I have an Association meeting tonight. Some classic material for my candidate’s diary, and I take my notebook.
I arrive at the offices which are rather unfortunately located near the town’s sewage works, which enhances the sense of duty I feel as I approach. Tonight is the AGM, and all of the town’s (population 35,000) Conservative members are expected to attend. All 19 of them.
They are a stoic bunch. They command my respect and get it. They have trounced year after year up and down pavements for candidates they may or may not have liked, with no encouragement from CCHQ, for which they still seem to have a strange sort of fear. At the last election they significantly closed the gap on an MP sitting for 15 or more years.
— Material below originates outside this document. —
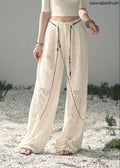 Stroll Here Openwork Wide-Leg Pants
They are dismayed; their efforts and calls for assistance from CCHQ remain unrecognised. I am due to sum up at the end and give a ‘call to arms’. Something that is never easy. I am not comfortable asking 80-year-olds to pound the pavements with me. But with a lack of new members what choice do I have? They are all thrilled that I have joined and repeatedly ask me to get new members. Trouble is, I have asked all of my friends and neighbours, and not one was prepared to join the Conservative Party. And yet we garner thousands of votes in this town. Odd. Perhaps not.
The AGM goes well. At the end my Chairman informs me that CCHQ want to see me and some other candidates later that week. I have been working hard in my constituency, have built a good team (of non-members) and “perhaps can bring some good news back to the Association”, she says.
I have never been to CCHQ. I do not know what to expect. They certainly seem to speak to me with a degree of disdain, which I find unsettling. I consider that I have left a very good professional job to fight for the party in an important seat in 2015, doing something I believe in, rather than chasing the bank notes like my friends. I am running as a candidate without a wage, to help the party to get into national power.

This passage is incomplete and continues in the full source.